In a Time of Treason
Page 3
“I love a misty morning,” said Lamoric in a puff of fog. “It’s like Creation’s ours: a toy in our hands. We could be on islands with the rest of old Errest fallen away.”
Bald Badan bared what teeth he had left, silently snarling from within a hairy twist of blanket. He looked like the wolf who had swallowed the old woman in the bedtime story.
Berchard winced with his good eye. “You’ll have to tell us when morning comes so we don’t miss it, eh? Did you sleep?”
Lamoric twitched a smile.
“Did you sleep at all?” Berchard pressed. Coensar’s glance was like a glimpse of blade. None of them were too pleased about Lamoric’s mad rush.
“Lads,” said Lamoric, “this summons couldn’t have come at a better time. When this moon’s waned, the fighting season will be upon us. And you’d have scattered to the four winds, don’t deny it. We’ve got a windfall. It doesn’t pay to complain.”

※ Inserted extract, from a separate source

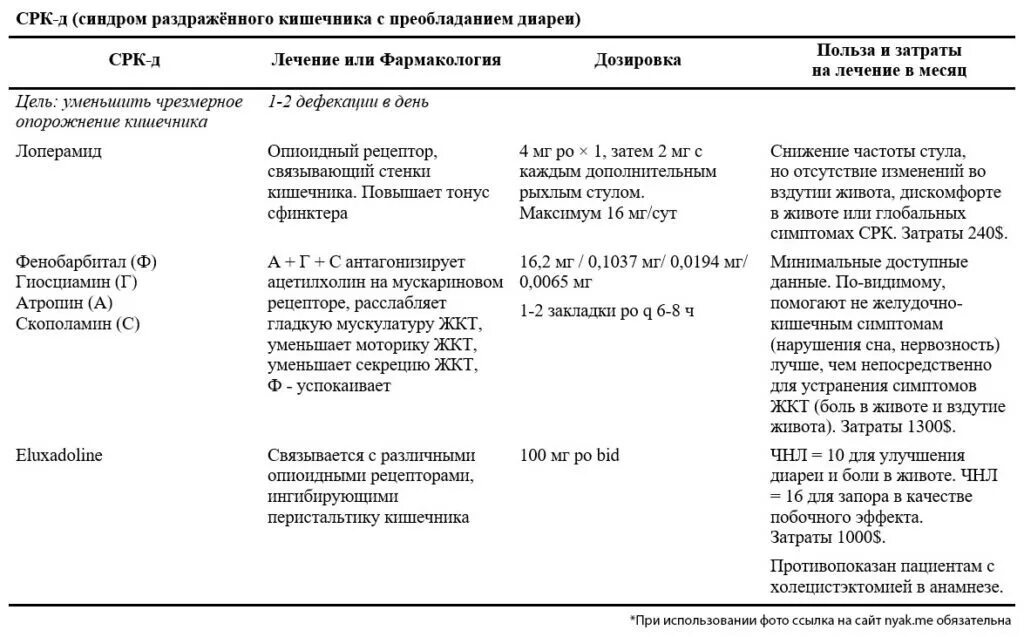 Схема лечения синдрома раздраженного кишечника. Схема лечения синдрома раздраженного кишечника у детей. Схема лечения при синдроме раздраженного кишечника. Синдром раздраженного кишечника у детей диагностика. Раздраженный кишечник симптомы и лечение у мужчин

Big Ouen reached round himself to scrub at fleabites between his shoulder blades, both hands meeting in the middle of his back. He had arms like an ape. The man’s gold teeth glinted. “There’s been little enough that pays lately.”
“We’ll be led before the Hazelwood Throne,” said Lamoric. “I’ll kneel and place my hands between Ragnal’s. There will be a feast. People will remember you. Ouen, Badan, Coensar, Durand. I hope you’ve all got decent surcoats.”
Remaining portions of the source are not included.